Most people can relate to a teenager’s difficulty dealing with homework, school dances and friends while growing up.

But only a few people understand what it’s like to deal with those things under the white-hot spotlight of being a presidential child.

Lynda Johnson Robb and Susan Ford Bales shared their stories with journalist John Avlon during Wednesday’s morning lecture in congruence with the Week Nine lecture theme, “The Presidents Club.”

Robb, the daughter of President Lyndon B. Johnson; and Bales, the daughter of President Gerald Ford, talked about the unique circumstances in which both of their fathers took office.

Johnson came into office after the assassination of John F. Kennedy, and Ford assumed office following the resignation of Richard Nixon.

“Both of our parents really became the healers at different times in our country,” Bales said. “Our Constitution works, and things like this are not going to ruin the United States.”

As far as living in the White House, Robb was a college student at the University of Texas when her father became the president, and she moved to New York after graduation. She had a room in the White House, but she didn’t spend as much time there as Bales.

Bales was a senior in high school when her father became the country’s leader. She said one of her main concerns as a teenage girl was not being able to make phone calls from her room on the third floor.

The White House phones could dial out, but only through operators. However, the staff installed a direct line for Bales.

The former chairman of the Betty Ford Center also has the distinction of being the only presidential child to have her senior prom at the White House. Bales was approached by the prom committee, and her father’s staff allowed the students and chaperones to dance the night away in the same building as the commander-in-chief.

When Bales noted that several parents volunteered to chaperone the dance, Avlon jokingly remarked that was the only time in history adults actually wanted to go to their child’s prom.

Upon moving in to 1600 Pennsylvania Ave., Robb said she was intent on finding out which celebrities and historical figures lived in her room on the second floor of the White House.

While no one of significant historical value called the room their own before Robb, she found out her room was where doctors performed the autopsy on Abraham Lincoln after he was assassinated — not exactly what Robb had hoped.

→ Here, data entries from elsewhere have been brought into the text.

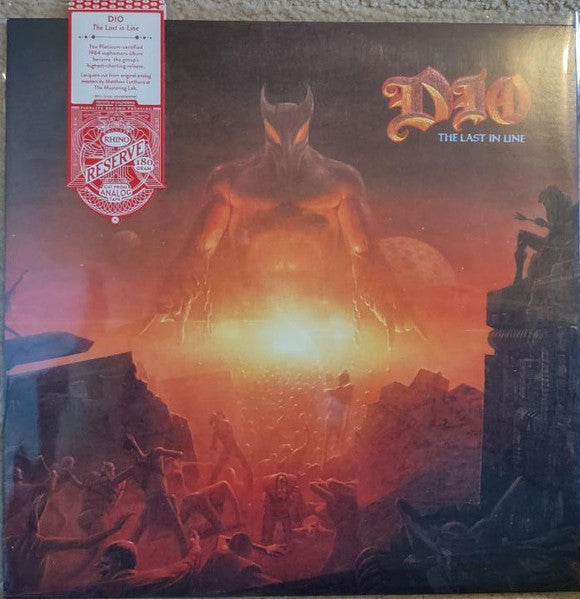 Dio (2) - The Last In Line Record Rhino Records (2) 2026 / US / Rhino Records (2) NEW NEW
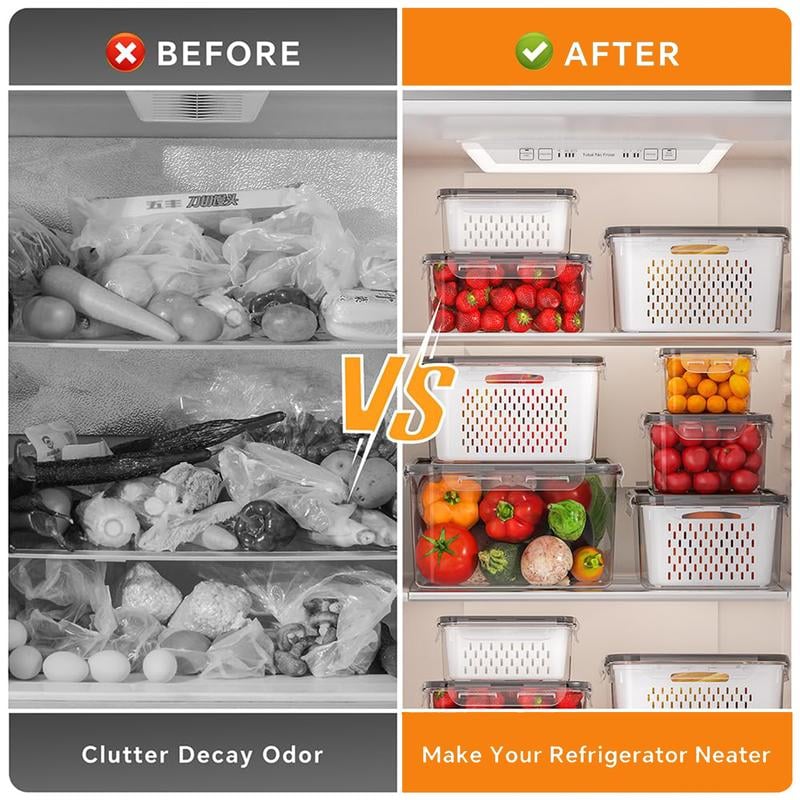 PureFresh Food Keeper — Freshness that brings your food to life and lets you savor every bite! | Stornfield
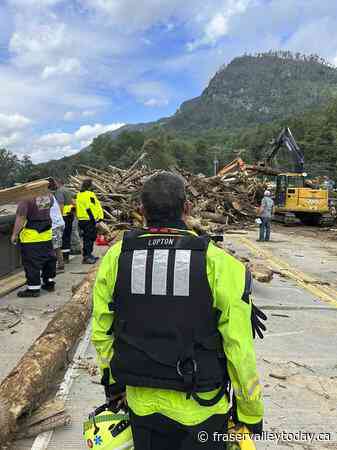 Supplies rushed to communities isolated by Helene as death toll rises to nearly 100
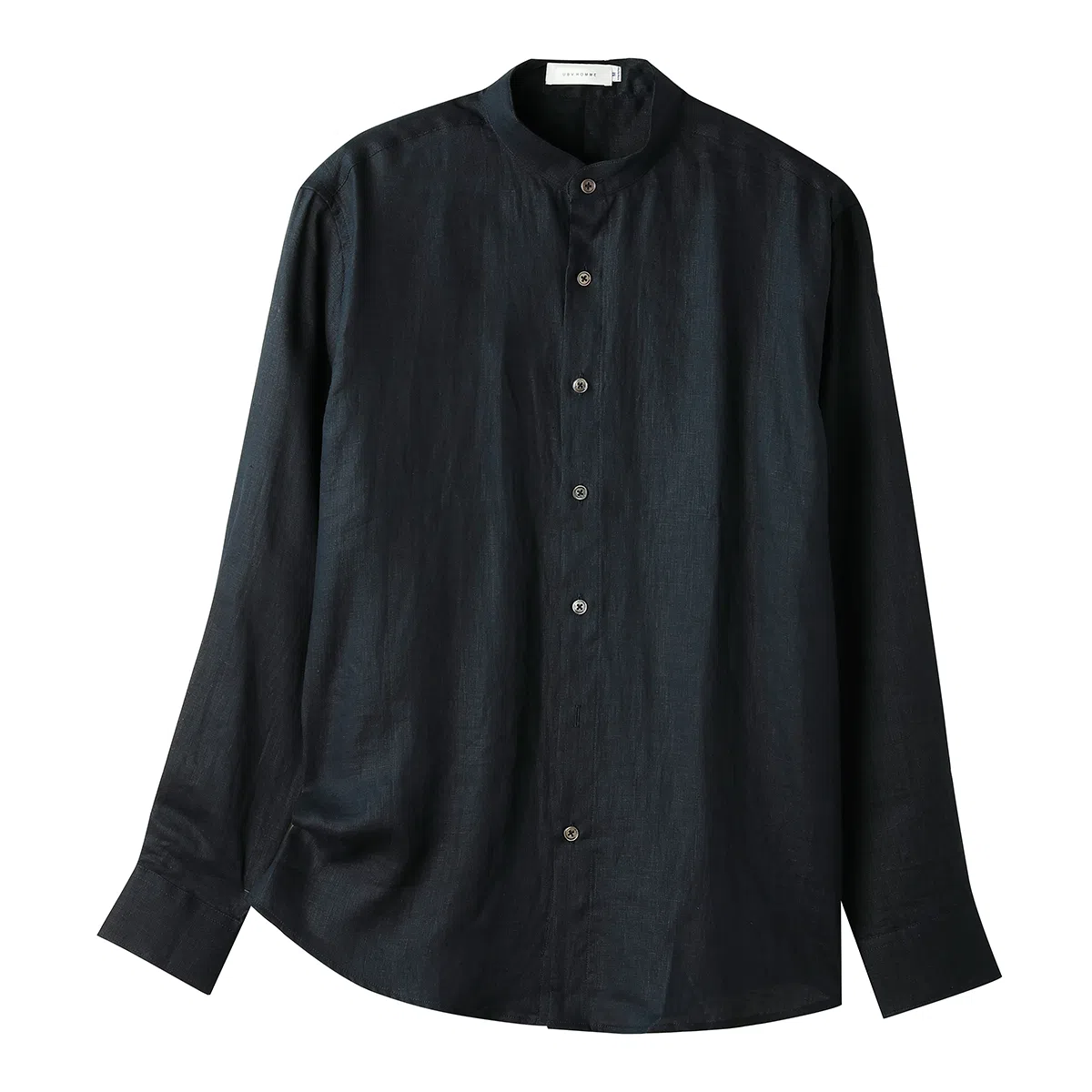 UBV Linen Collar Shirt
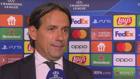 Inzaghi: "La squadra è ordinata. È sempre stata sul pezzo"
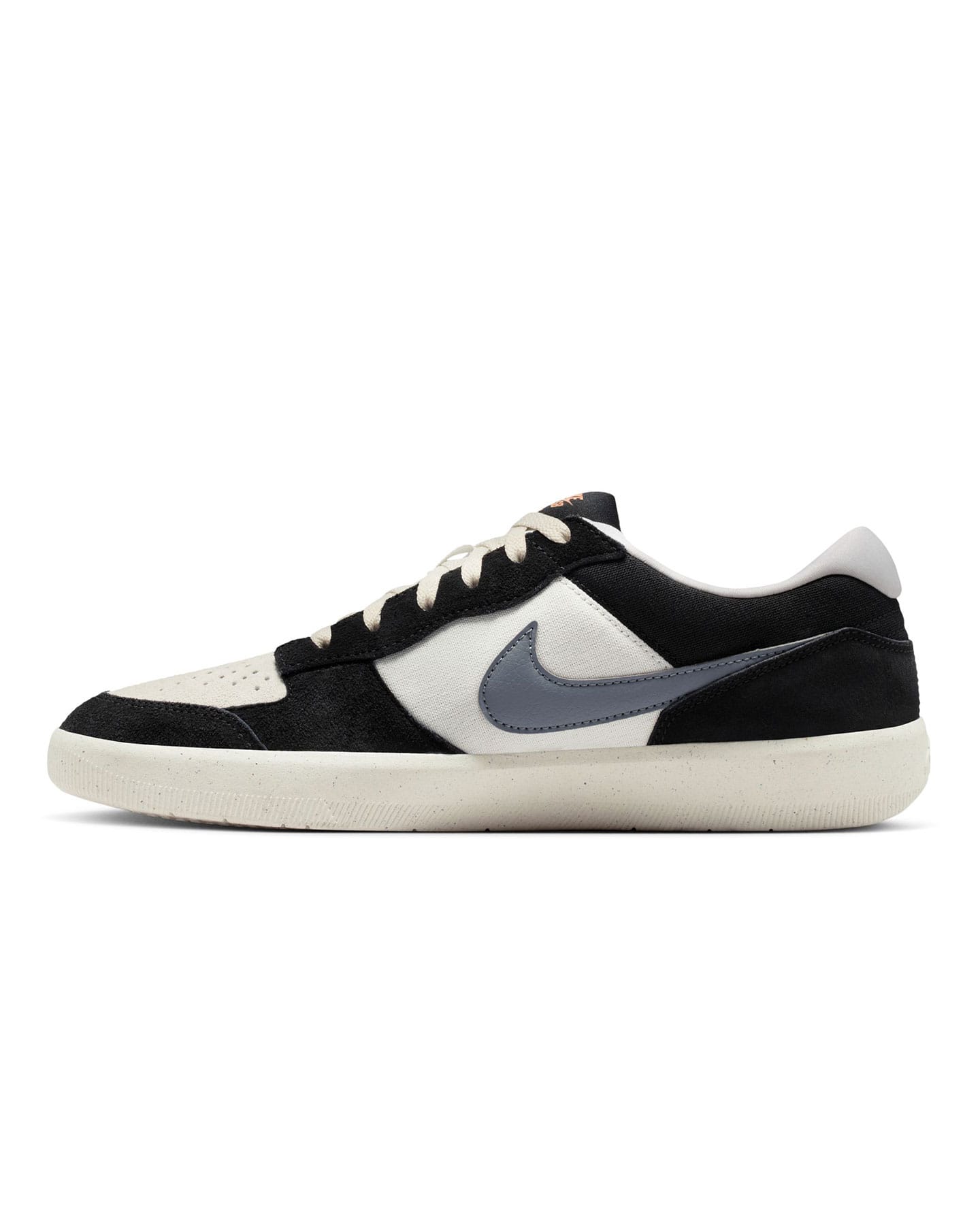 Nike SB Force 58 - Black / Cool Grey - Summit White - Sail - -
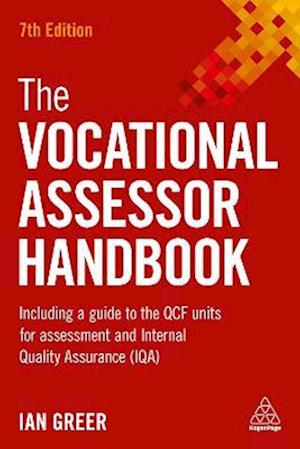 The Vocational Assessor Handbook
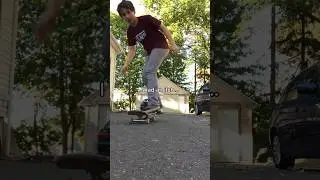 10 YEAR SKATE PROGRESSION🤯 #skate #skater #skateboarding #progression #shorts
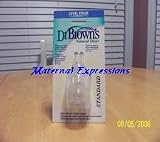 Dr. Brown's Silicone Nipples, 3pk - Level-Four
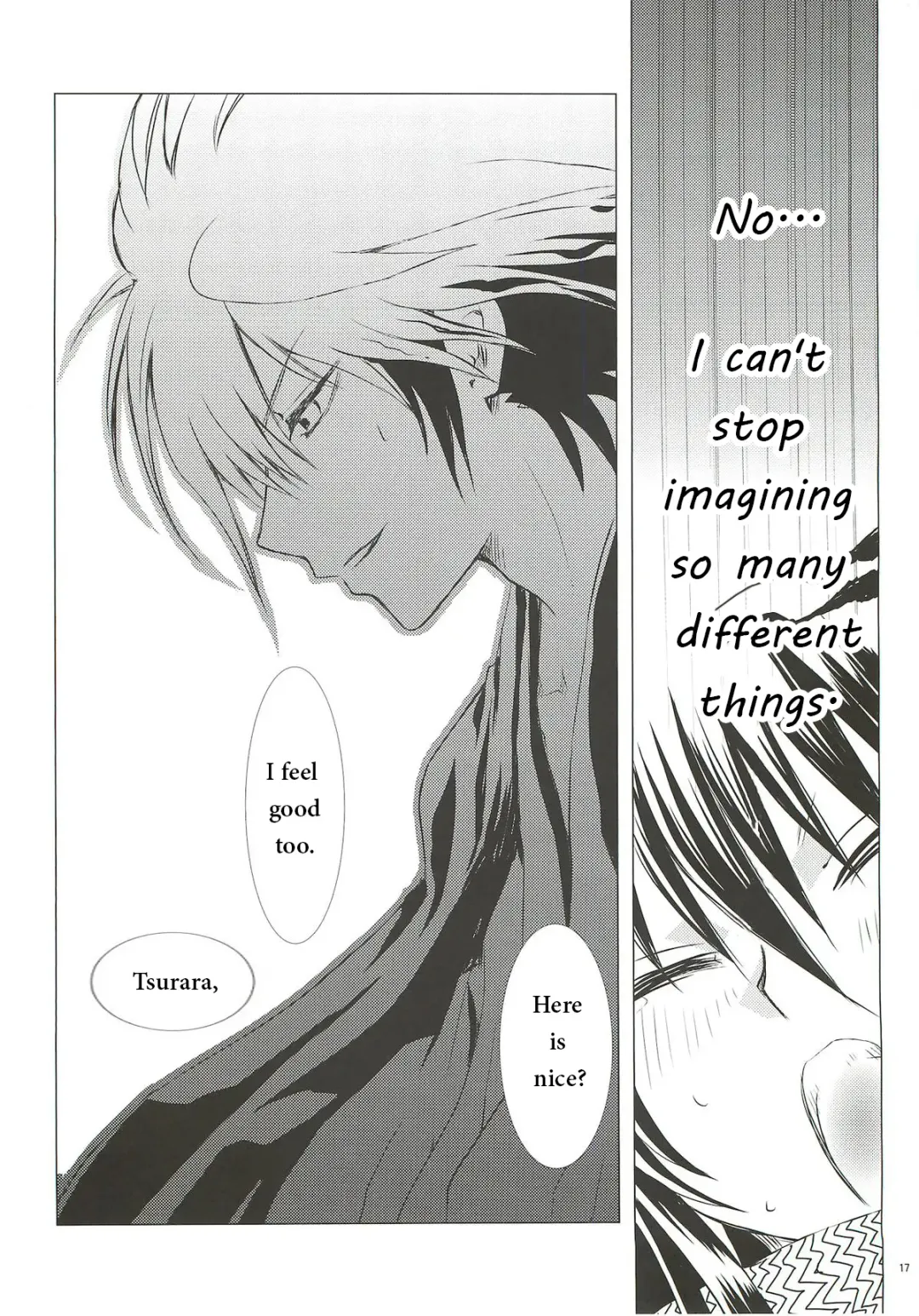 [Enu] Yoruarashi Fhentai - Page 16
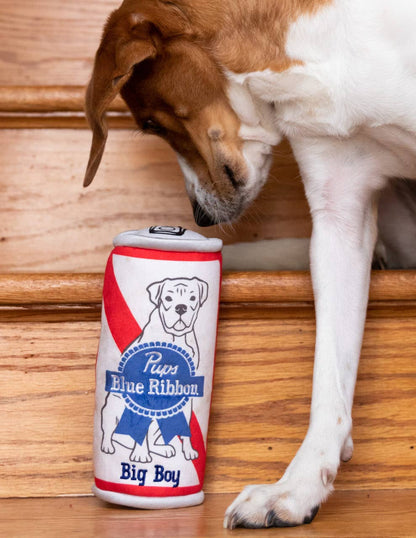 Pups Blue Ribbon Dog Toy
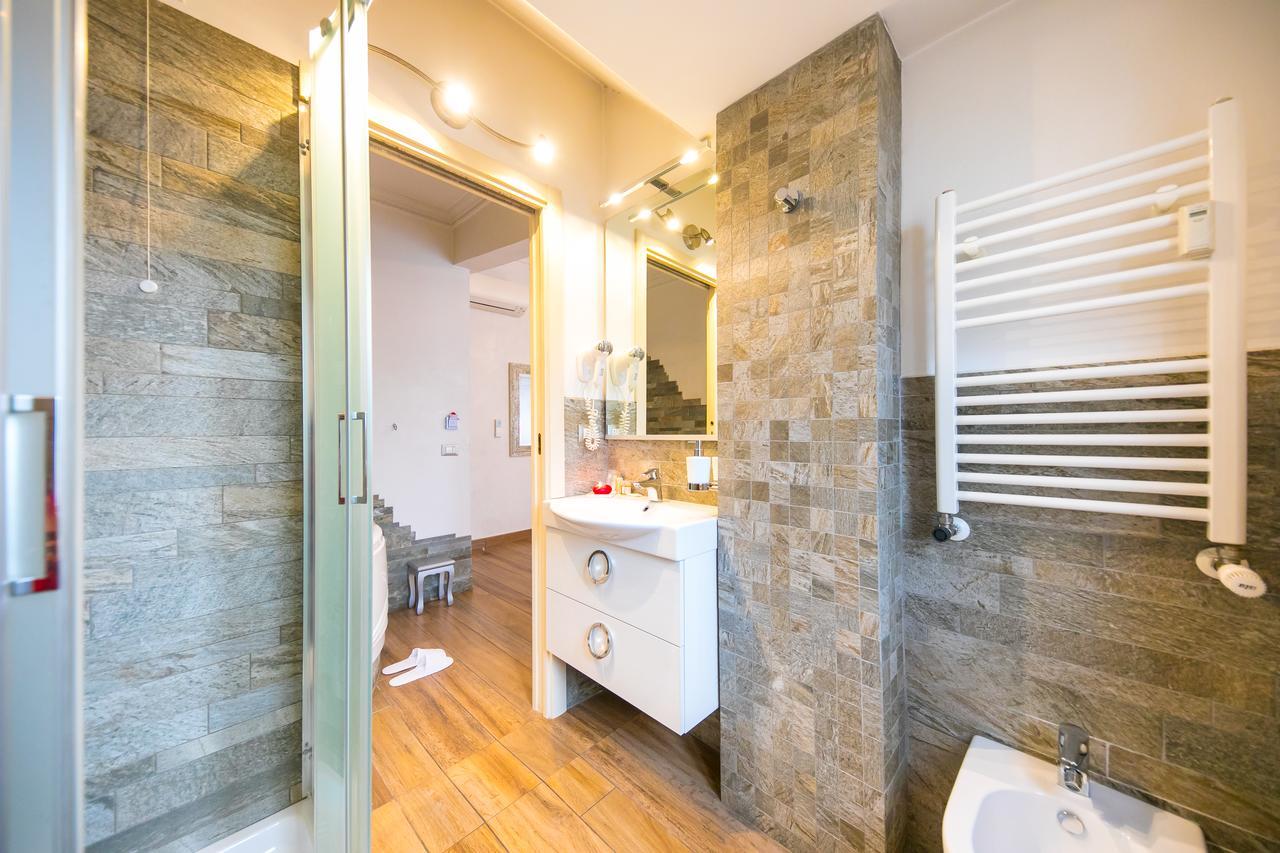 Suites Roma Tiburtina Economy ภายนอก รูปภาพ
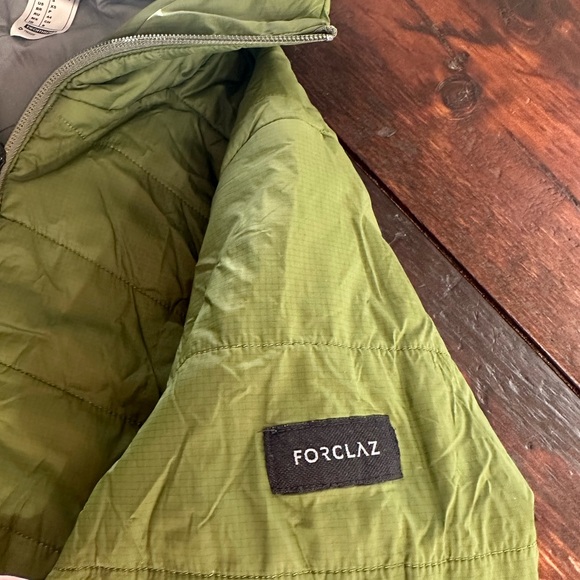 Fabulous Forclaz coat,xs - Picture 3 of 4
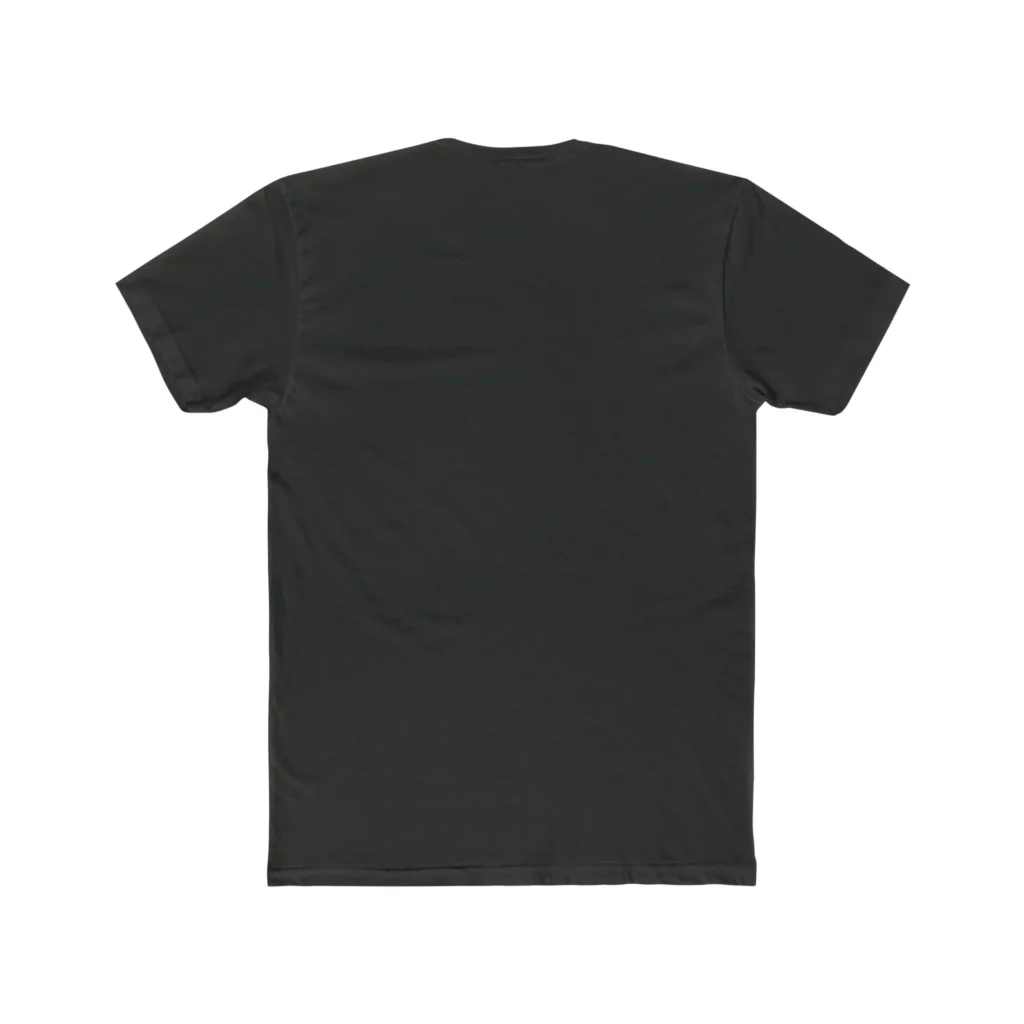Yo...Gundalorium Banner Premium Men's Cotton Crew Tee - Image 2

Avlon asked the women to share their “White House escape stories,” and they happily shared their respective adventures outside of the famous black gates. The pair of presidential daughters used cunning tactics to give their Secret Service guards the slip.

Robb tied a scarf around her head and joined a group of people walking through the White House. However, when the people were done touring the building, Robb said they were essentially “pushed out” onto Pennsylvania Avenue.

She was satisfied with her escape, but she realized that she might get her Secret Service agent in trouble if her father found out about her disappearance. Robb casually went to the front gate and asked the operator to contact her Secret Service agent. The agent came and escorted her back into the building with no consequences.

Bales actually had a friendly bet with her guard that she could escape his watchful eye. While the agents were busy, Bales went down the backstairs of the White House and into the parking lot.

She jumped into her yellow Ford Mustang and exited the security gate as her mother was entering. At that time, Bales was a student at the then Mount Vernon College for Women in Washington, D.C.

The first daughter drove to campus and visited her roommate — who was in class at the time. Bales stood at the door and gestured for her friend to leave the class. When she came out of the classroom, she asked where Bales’ Secret Service agents were.

“I ditched them,” Bales told her friend.

Her friend asked the next logical question.

“Well, what are we going to do?”

Bales wasn’t sure what to do with her temporary freedom, so the girls went to the Super Safeway on Foxhall Road a few minutes from campus. The drinking age in Washington, D.C., at that time was 18, so the girls purchased a six-pack of beer and drank it in the parking lot.

The teenagers had plans to attend a Hall & Oates concert later that night, but there was a snag in the plan — Bales’ Secret Service agent had the tickets.

Bales went to a pay phone and called the command post. She decided to skip the part of the story where she escaped her guard, and told the operator that she would be back by 7 p.m.

When she returned to the command post later that afternoon, Bales asked what time she needed to be ready to go to the concert. The guard at the command post gave a reply that can make any teenager uneasy.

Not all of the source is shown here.